What is required >>
Send back every line of the data exactly.

########

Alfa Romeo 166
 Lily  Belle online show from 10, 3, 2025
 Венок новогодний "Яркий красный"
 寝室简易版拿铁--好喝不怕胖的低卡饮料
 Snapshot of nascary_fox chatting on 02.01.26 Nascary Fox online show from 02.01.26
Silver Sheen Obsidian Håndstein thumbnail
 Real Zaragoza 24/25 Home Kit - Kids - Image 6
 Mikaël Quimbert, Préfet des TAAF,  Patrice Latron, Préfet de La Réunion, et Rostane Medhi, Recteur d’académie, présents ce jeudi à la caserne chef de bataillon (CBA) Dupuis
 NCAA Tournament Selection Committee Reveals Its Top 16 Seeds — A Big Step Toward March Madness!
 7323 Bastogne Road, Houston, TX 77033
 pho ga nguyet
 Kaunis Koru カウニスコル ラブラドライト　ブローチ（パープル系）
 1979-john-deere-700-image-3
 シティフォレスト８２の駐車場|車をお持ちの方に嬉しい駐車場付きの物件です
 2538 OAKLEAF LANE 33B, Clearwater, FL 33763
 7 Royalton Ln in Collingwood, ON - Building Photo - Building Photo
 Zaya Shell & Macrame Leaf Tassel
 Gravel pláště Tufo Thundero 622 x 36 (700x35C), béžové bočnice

########

Expected output >>
Alfa Romeo 166
 Lily  Belle online show from 10, 3, 2025
 Венок новогодний "Яркий красный"
 寝室简易版拿铁--好喝不怕胖的低卡饮料
 Snapshot of nascary_fox chatting on 02.01.26 Nascary Fox online show from 02.01.26
Silver Sheen Obsidian Håndstein thumbnail
 Real Zaragoza 24/25 Home Kit - Kids - Image 6
 Mikaël Quimbert, Préfet des TAAF,  Patrice Latron, Préfet de La Réunion, et Rostane Medhi, Recteur d’académie, présents ce jeudi à la caserne chef de bataillon (CBA) Dupuis
 NCAA Tournament Selection Committee Reveals Its Top 16 Seeds — A Big Step Toward March Madness!
 7323 Bastogne Road, Houston, TX 77033
 pho ga nguyet
 Kaunis Koru カウニスコル ラブラドライト　ブローチ（パープル系）
 1979-john-deere-700-image-3
 シティフォレスト８２の駐車場|車をお持ちの方に嬉しい駐車場付きの物件です
 2538 OAKLEAF LANE 33B, Clearwater, FL 33763
 7 Royalton Ln in Collingwood, ON - Building Photo - Building Photo
 Zaya Shell & Macrame Leaf Tassel
 Gravel pláště Tufo Thundero 622 x 36 (700x35C), béžové bočnice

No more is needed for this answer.